= Les Tanner =

Political cartoonist, artist (1927–2001)

Les Tanner (15 June 1927 - 23 July 2001) was an Australian cartoonist and journalist.

== Life ==
Les Tanner was born in Redfern, Sydney. He began drawing at the age of five, went to school at Glebe Primary School and North Newtown Intermediate High. As a child he appeared in a number of films including comedian George Wallace's Gone to the Dogs, Our Gang, an RTA commercial co-starring Gloria Dawn and Forty Thousand Horsemen. He began his career at The Daily Telegraph in 1942, as a printer's devil. Soon transferred to the press artists room, he worked under the mentorship of Senior Artist Frank Broadhurst and William Edwin Pidgeon, (a.k.a. WEP) a three-time Archibald Prize winner, and later Illustrator Tommy Hughes. At eighteen, Tanner was sent to Japan by the editor Brian Penton to work at BCON – the Occupation Force Newspaper – as a cartoonist and journalist. Pidgeon had introduced him to the works of Hokusai and other ukiyo-e artists, including Utamaro; and much of Tanner's spare time and staff sergeant's pay was spent buying as many woodblock prints as he could whilst there. It was in Japan, that Les Tanner also met his lifelong friend and fellow artist, Gus McLaren, when he was sent to interview him about his role in teaching art to the Japanese in Osaka.

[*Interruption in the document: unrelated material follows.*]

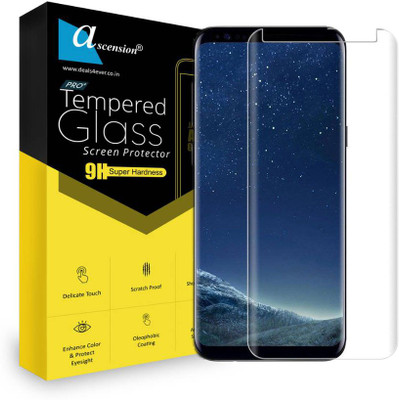 Ascension Tempered Glass Guard for Samsung Galaxy S8 plus(Pack of 1)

On his return to Australia, Tanner joined the A.M. Magazine as an illustrator before returning to The Daily Telegraph and Sunday Telegraph, where he had his first assignment as a political cartoonist. His popularity grew and he was soon cartooning a week in review page each week, as well as being daily cartoonist. He later became Art Director at The Bulletin. When he drew a controversial cartoon of Sir Henry Bolte, then premier of Victoria, to illustrate Editor Peter Coleman's article against capital punishment, Sir Frank Packer pulped the entire edition of the magazine. Packer had not thought about the airmail delivery of this edition to Melbourne, where the following morning it appeared on the news stands at Flinders Street. Nor had he thought about subscription copies, so that many regular readers received the magazine despite his best efforts. Packer went on to ban a BBC television program on capital punishment due to air on GTV-9 – one of Packer's own television stations on 31 January 1967. But the cartoon and editorial achieved even greater prominence in the public domain when ABC television ran a story on it and the banned Channel 9 program that night, under the banner of censorship of the press, much to the glee of both Tanner and Coleman. Throughout the fifties and sixties, Tanner was one of the few cartoonists of the era to regularly highlight the plight of the Indigenous Australians in Australia. As an advocate for social justice in all its forms, Tanner enjoyed challenging racism head on because it so offended him. He was never afraid to challenge the inequities of society and felt a moral obligation as a commentator to highlight them.

At the Daily Telegraph, Tanner not only drew his caricatures but often produced clay model caricatures, which were then photographed to immortalise the faces of such notables as Joseph Stalin and Sir Robert Menzies. When photographers could not get to Maitland to cover the infamous floods, Tanner was also airlifted in to draw the scenes- much to his chagrin.

Les Tanner won the 'Most promising new cartoonist of the year' award in London in 1960 whilst working for the Daily Sketch, followed by two Walkley Awards in Australia in 1962 and 1965 respectively. Back in Australia, he took his early interest in clay modelling to new heights, producing several tongue in cheek busts of Sir Robert Menzies.

When Graham Perkin Editor of The Age newspaper in Melbourne offered him the position of Chief Political Cartoonist, Tanner agreed and for the next thirty years until he retired in 1997, he satirized politicians and gained a large fan base for his efforts. Once in Melbourne and in collaboration with Gus and Betty McLaren, Tanner produced a series of toby jugs of Sir Robert Menzies, as well as a nice line in Sir Henry Bolte mugs- examples of which can be found at The National Portrait Gallery in Canberra. Loyal fans also flocked to his popular Saturday column "Tanner with Words".

In 1999, Tanner received a 'Golden Quill Award' for 'Lifetime Achievement in the Arts'. Apart from a prolific career as a cartoonist, Tanner co-wrote several books on black and white art. He made an animated film called Letter to a Vandal and was an actor and set designer for the New Theatre from 1946 until 1955. In 1986, he worked as a voice coach for Sir Donald Pleasence for the film Ground Zero, which starred Colin Friels. Pleasence's character in the movie was a scientist who had contracted throat cancer, following British nuclear tests at Maralinga. Tanner, a throat cancer sufferer, was pleased to help Pleasence learn to operate a Servox speech aid for his role.

After his death, the Black and White Society of Australia described him as follows: "Les Tanner was pre-eminent as a social commentator in the medium of black and white art in 20th Century Australia."